Конечно, это всё могло быть плодом моего бреда, больной фантазии. Но был один способ проверить мою гипотезу. Перестать пить проклятую воду и посмотреть, насколько меня может хватить, и чем это закончится.
Я решил посоветоваться с Августом Альбертовичем и рассказать ему о моих тревогах по поводу того, что мы с Соней стали всецело зависеть от наличия тёмной воды. Он поддержал моё предложение, что нужно попробовать перетерпеть приступ боли и, в крайнем случае, воспользоваться лауданумом, чтобы облегчить страдания, если они станут совсем невыносимыми.
Вытерпеть у меня получилось недолго. К вечеру третьего дня профессору пришлось выдать мне опиумную настойку, и я забылся в тревожном сне. Однако, когда проснулся, понял, что приступ прошёл. Я смог пережить период острой боли. Это было небольшой победой. Впрочем, победой зыбкой, ибо она ставила меня на путь опиумной зависимости.
Я также смог преодолеть ещё несколько приступов своих головных болей, принимая для этого всё большие дозы лауданума, от которого я погружался в какое-то неприятное забытье и видел странные грёзы. Иногда я переставал понимать, что я это я. И чувствовал себя могущественным богоподобным существом и видел странные события и странные места.
В периоды между приступами, когда разум мой очищался, я строил гипотезы и гадал: как влияет опиум на сидящую в моём мозгу сущность, и что я видел: бредовые картины, созданные больным мозгом или эпизоды из прошлой жизни хозяина монолита?
В очередной раз, когда я забылся опиумными грёзами, меня посетило страшное видение. Мне казалось, я иду по тёмному лесу на свет далёкого костра. Тропа вывела меня на поляну, где у огня сидел человек. Он был повёрнут ко мне спиной, и я хотел окликнуть его. Но тело не слушалось меня. Мне была отведена роль наблюдателя. Я видел, как вытягивается моя рука, в которой был зажат револьвер. Щёлкнул взводимый курок, человек у костра вздрогнул и обернулся. Когда он увидел меня, на лице его появилось сначала облегчение, а потом удивление. Рот его открылся, как если бы он собрался заговорить, но тут прозвучал выстрел, за ним второй, третий. Несчастный скорчился, потом завалился на бок и затих. Лицо его было знакомым и незнакомым. Крик ужаса от содеянного сорвался с моих губ, и этот крик пробудил меня, выдернув на поверхность из глубины моих мрачных видений.

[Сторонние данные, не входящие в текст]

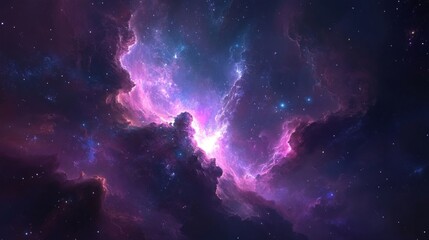 Cosmic Nebula: A Celestial Tapestry of Purple and Pink Hues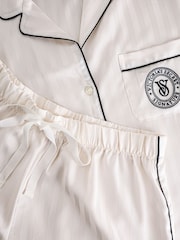 Victoria's Secret White Stripe Satin Short Pyjama Set - Image 4 of 7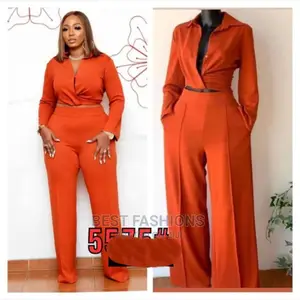 Classic Ladies Crop Top and Parazzo Trousers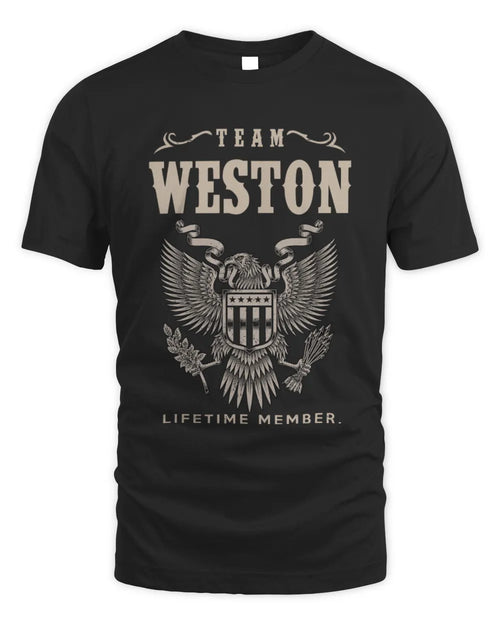 WESTON TP06-K82 – Personalized Classic Style Apparel “Team NAME Lifetime Member” - Unisex Standard T-Shirt - Black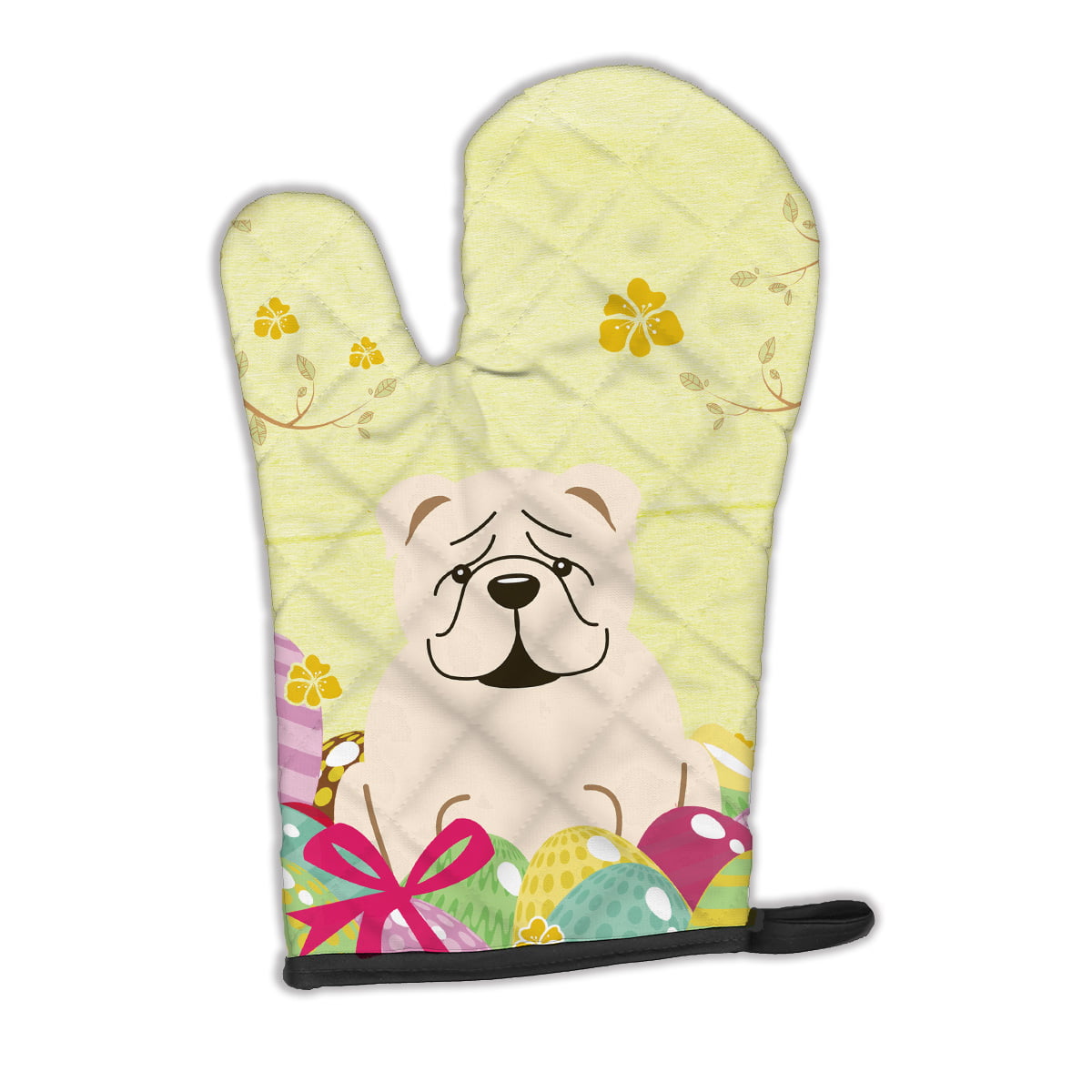 Easter Eggs English Bulldog White Oven Mitt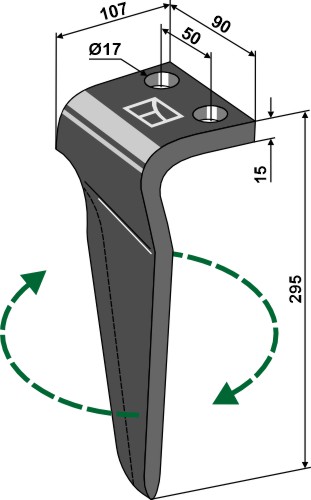 Kreiseleggenzinken, rechts 295 mm x 90 mm, passend für Falc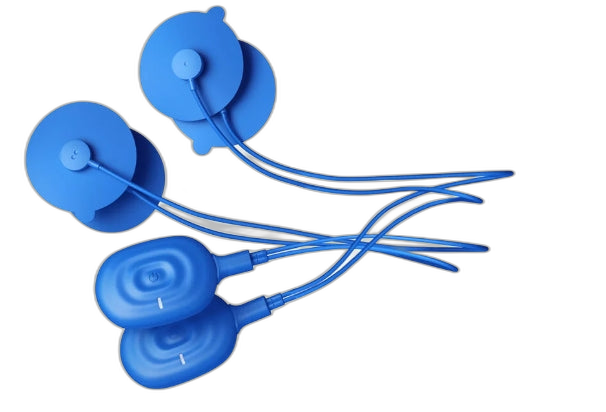 PowerDot 2.0 Duo smart muscle stimulator pods with lead cables transparent background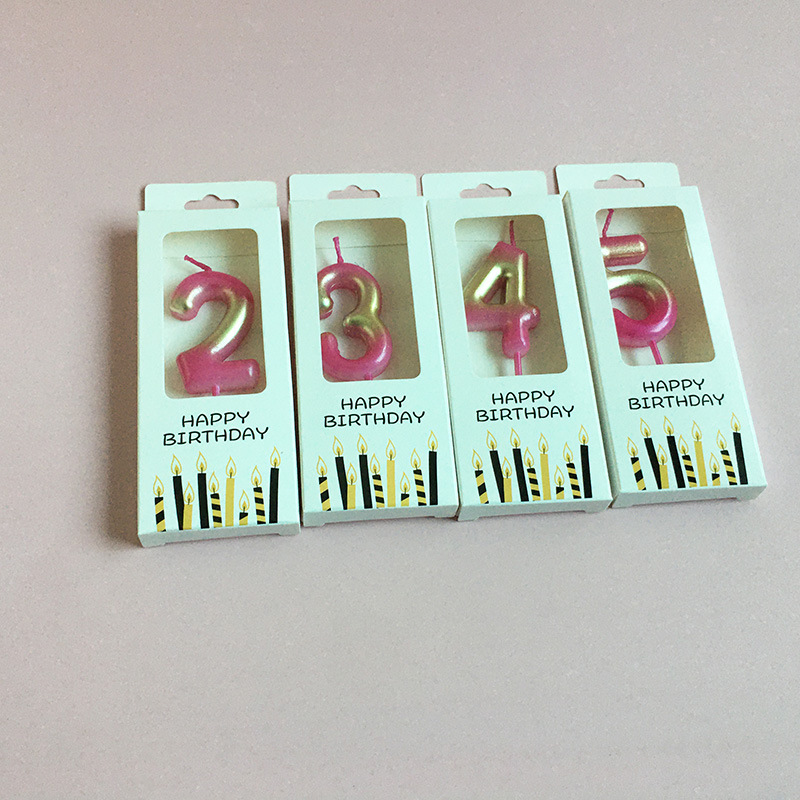 New boxed gradient digital birthday candles, cake decorations and surprise party supplies Application Scenario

Однако это не принесло мне облегчения, как обычно бывает, когда просыпаешься после кошмара. Впечатления от сна не только не ослабли, а наоборот — усилились. Я неожиданно понял, кем в моём видении был убитый мной человек. И сразу за этим я осознал, что видение моё, не плод опиумных грёз, а обретённое воспоминание о совершённом мной злодействе. Я убил Дмитрия Трифоновича.
Это открытие поразило меня, испугало и погрузило в бездну отчаяния. Можно было списать всё увиденное на действие лауданума, но я был уверен, что это не бред, не галлюцинация, а моё реальное воспоминание.
Хотя, в моём состоянии трудно было чувствовать твёрдую уверенность. Но как отделить морок от настоящего? Как проверить, действительно ли я убил моего управляющего?
Можно было, конечно, попытаться отыскать место ночёвки, по дороге обратно Дмитрий Трифонович должен не раз был останавливаться на ночлег, и места привалов должны были находиться недалеко от дороги. Но у меня не было возможности уехать надолго из усадьбы, чтобы заняться поисками. И тут меня осенило.
Я поднялся к себе кабинет. Мой револьвер должен был лежать заряженным в верхнем ящике стола. Такая мера предосторожности не помешает в наших диких краях.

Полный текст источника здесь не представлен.